I had to think of something so as not to spoil the champagne night.

“Friend of mine, Streeter Blair, the artist, used to win blue ribbons at the county fair every autumn with his baked bread. After he died they found six loaves of his bread in his home freezer. His wife gave me one. I had it around for a week and ate a slice with real butter once in the morning, once at night. God, it was swell. What a great way to say goodbye to a wonderful man. When I buttered the last slice, he was gone for good. Maybe that’s why I want Fannie’s jellies and jams. Okay?”

Constance was disquieted.

“Yes,” she said at last.

I popped another cork.

“What do we drink to?”

“My nose,” I said. “At last, my damn head cold is over. Six boxes of Kleenex later. To my nose.”

“Your lovely big nose,” she said, and drank.

We slept out on the sand that night, feeling safe two miles south of those funeral flowers touching the shore by the late Constance Rattigan’s former Arabian lean-to, and three miles south of an apartment where Cal’s piano smile and my battered Underwood waited for me to come save earth from Martians on one page and Mars from earthmen on the next.

In the middle of the night I awoke. The place next to me on the sand was empty, but still warm from where Constance had lain cuddling the poor writer. I got up to hear her thrashing and chortling with seal-bark commotions out in the waves. When she ran in, we finished the champagne and slept until almost noon.

That day was one of those no-excuses-needed-for-living-weather days when you just lie and let the juices flow and drip. But finally I had to say, “I didn’t want to ruin last night. God, it was good to find you alive. But the truth is, it’s one down, one to go. Mr. Devil-in-the-Flesh on the beach ran away because he thought he had caused you to drown. He never intended anything but skin diving, anyway, and midnight frolics like 1928. What he got was you drowned, it seemed.

“So, he’s gone, but there’s still the one who sent him.”

“Jesus,” whispered Constance. Her eyelids flinched like two spiders over her shut eyes. At last she sighed, exhausted, “So it’s not over after all?”

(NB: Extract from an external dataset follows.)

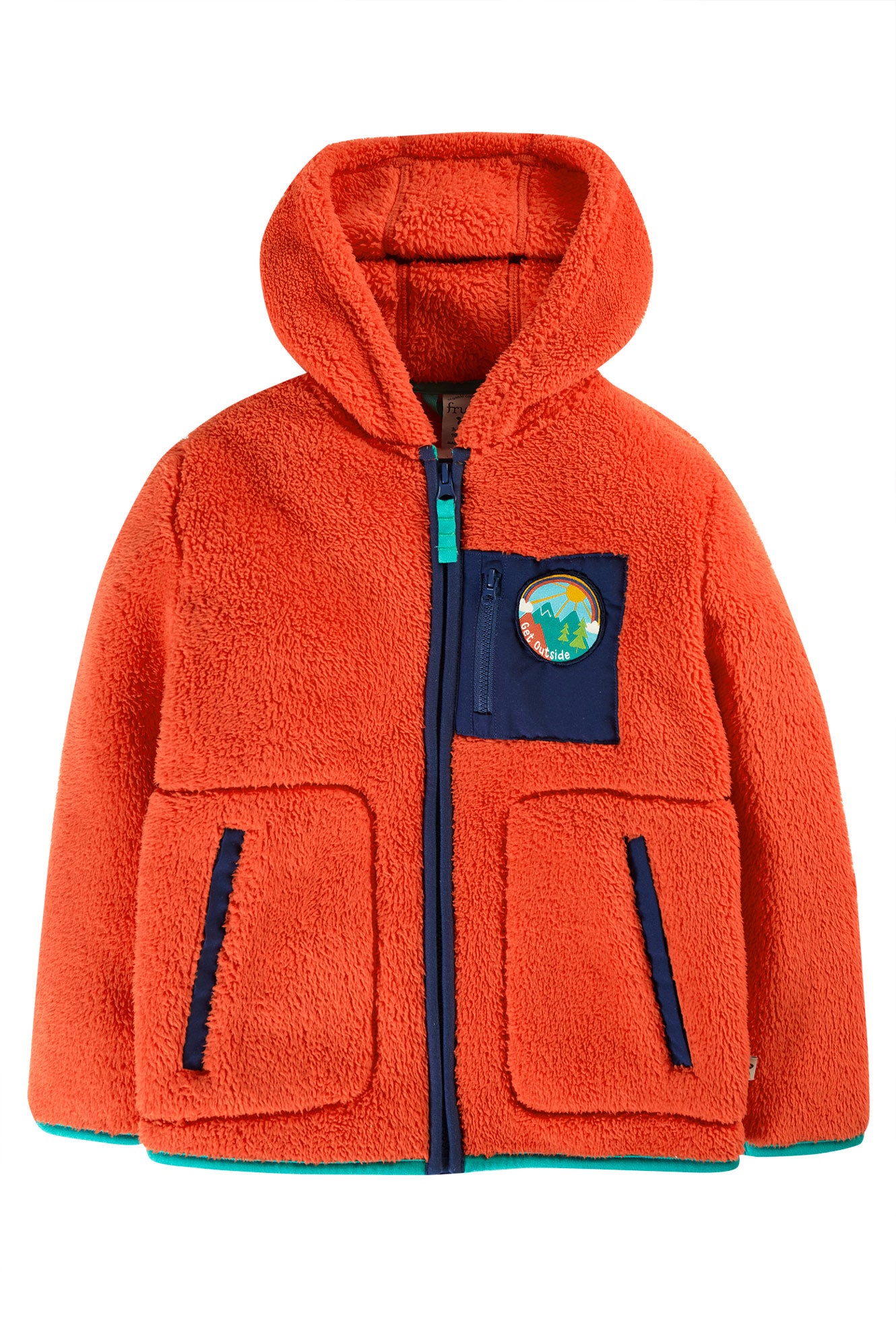 Frugi Boys Toby Ted Bonfire Fleece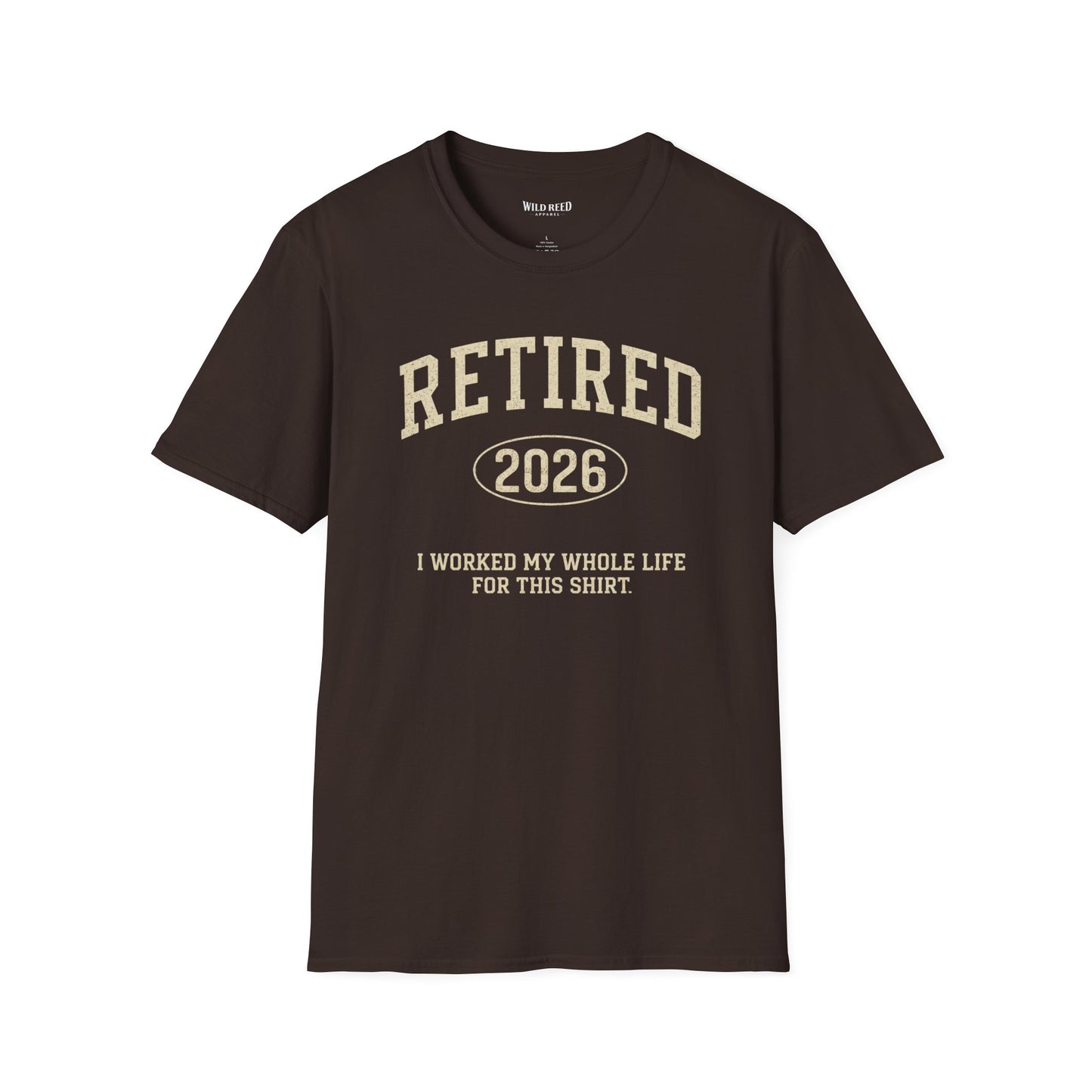 Retired Year Shirt, Personalized Retirement Gift, Funny Retirement Shirt, I Worked My Whole Life for This Shirt, Custom Year Tee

I clenched her sand-gritty hand in mine.

After a long silent time of thinking she said, her eyes still shut, “About Fannie’s icebox? I never made it back that night five centuries ago, to look in. You looked, saw nothing.”

“That’s why I’ve got to go look again. Trouble is, the law has padlocked her apartment.”

“You want me to go jimmy the lock?”

“Constance.”

“I’ll go in, clear the halls, chase out the spooks, you hit ’em with a club, then we both crack the padlock, spoon Fannie’s mayonnaise, and at the bottom of the third jar, we find the answer, the solution, if it’s still there, if it hasn’t spoiled or been taken away—”

A fly buzzed, touched my brow. An old notion stirred.

“Reminds me, that story, years ago in some magazine. Girl fell and froze in a glacier. Two hundred years later, the ice melts and there she is, beautiful, young as the day she was frozen.”

“That’s no beautiful girl in Fannie’s fridge.”

“No, it’s something terrible.”

“And when and if you find and take whatever it is out—do you kill it?”